Methods: : Calcium imaging was performed in dissociated cells and retinal slices from the salamander (Ambystoma tigrinum) retinas loaded with calcium indicator dyes. Immunofluorescence of isolated cells and slices was viewed on a confocal microscope. Paired recordings from cone-HC and cone-bipolar pairs were obtained from slices with the whole cell patch technique.
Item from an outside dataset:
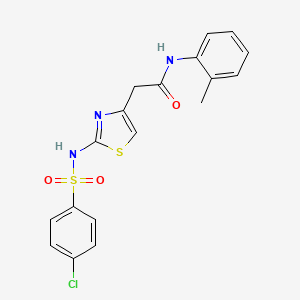 molecular formula C18H16ClN3O3S2 B2765434 2-(2-(4-chlorophenylsulfonamido)thiazol-4-yl)-N-(o-tolyl)acetamide CAS No. 922099-70-5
Results: : Irreversible inhibition of Ca release from ER stores caused a sustained increase in baseline calcium levels. This was potentiated by increasing the driving force for Ca entry and inhibited by lanthanide antagonists of Ca-permeable channels (La3+ and Gd3+; 1-10 uM). SOCE was blocked by removing extracellular source of Ca and potentiated by switching from Ca-free to mM Ca-containing saline. Store depletion-evoked Ca ‘overshoots’ were antagonized by uM concentrations of organic antagonists of SOCE, MRS-1845, SKF 96365 and 2-APB. MRS-1845 (15 uM) by itself had no effect on voltage-operated Ca currents and concentration levels in rods, cones or ganglion cells. However, a significant reduction in late EPSC was observed in cone-HC pairs during exposure to MRS-1845. Exposure to the diacylglycerol analog 1-oleoyl-2-acety-sn-glycerol (OAG) induced rapid [Ca2+]i elevations in a subset of cones. Immunohistochemistry revealed prominent STIM1 signals in cones.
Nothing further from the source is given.